Saros Server Development
What is the Saros Server?
Please refer to the User Documentation for an explanation and the use-case of the Saros server.
Technically it is a headless session-host.
Code Structure
The Saros Server codebase is comparably slim, as it only requires a small subset of components compared to IDE-Plugins. Therefor it may also help to understand Saros overall architecture and as a reference for starting new Saros-Implementations.
Notable exceptions are the filesystem, editor and preferences implementations, which are usually adapted from IDE-specific APIs.
Open Topics
Permission System
Traditionally the Session-Host is responsible for moderating an active Saros-Session. The Host-Role allows adding new users and accepting new projects into the session. A headless implementation like the server cannot do this, which is why the server currently accepts every request for invitations and new projects. Therefor it can only be executed in a trusted environment.
The server will need some kind of permission system to allow a remote user to manage these tasks. The simplest (and likely sufficient) variant would move this role to some kind of “Admin”-User, that may be configured for a given server.
Challenges
- New Activities will likely need to be introduced, that need to be understood by all existing IDE-Clients and show the appropriate dialogs.
- There needs to be a system to transfer the admin rights, otherwise the admin-user becomes the new session-host, that will leave behind a broken (rather then disconnected) session, once he leaves.
Super-Server
One server currently represents only one session. To lift this short-coming a Super-Server could be developed, that starts a new session-server on demand. This would also play nicely with the idea of an admin-user, as the user requesting the session could automatically be configured to be the first admin.

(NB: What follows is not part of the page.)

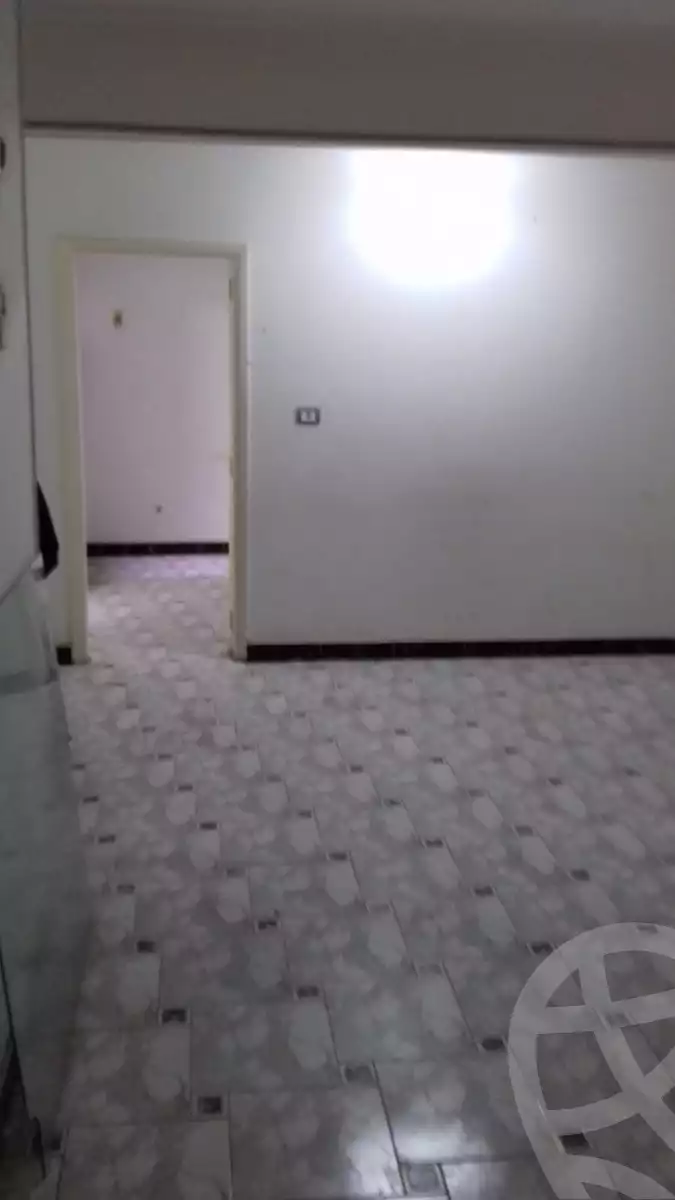 https://aqarmap.com.eg/en/listing/6377360-for-sale-cairo-heliopolis-roxy-square-al-ahram-st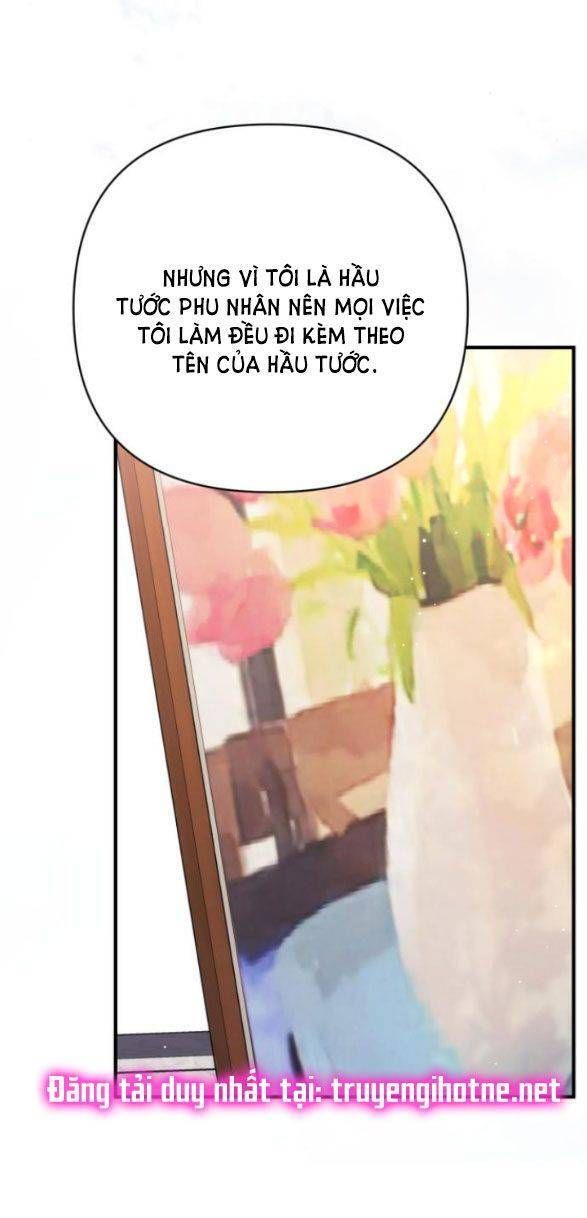 đọc truyện Dành Cho Nhân Vật Bị Bỏ Rơi Yêu Thích Nhất Của Tôi Chương 36.5 ảnh 24 tại Giả Dược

This concept could prove to be very memory inefficient, as a new process and JVM would be started for each session. The overhead this brings needs to be evaluated to decide, how this should exactly be implemented. If the additional memory requirements are not overshadowed by Saros overall memory usage, an in-process solution could prove to be more reasonable.
Challenges
- It is not clear, how this can be represented in the XMPP-Protocol. The Super-Server would be logged with an XMPP-ID to setup the initial communication, but each session-server would need to be dynamically assigned a new JID or the same JID. New JIDs would need some kind of configuration and cooperation with the XMPP-Server. Re-using the same JID is currently not tested with Saros and might cause other unpredictable issues.
Cleanup of Old Files
Currently the Server creates it’s workspace as a temporary folder, it would be better, if the folder could be cleaned up on shutdown, although caching might be appropriate for larger frequently shared projects.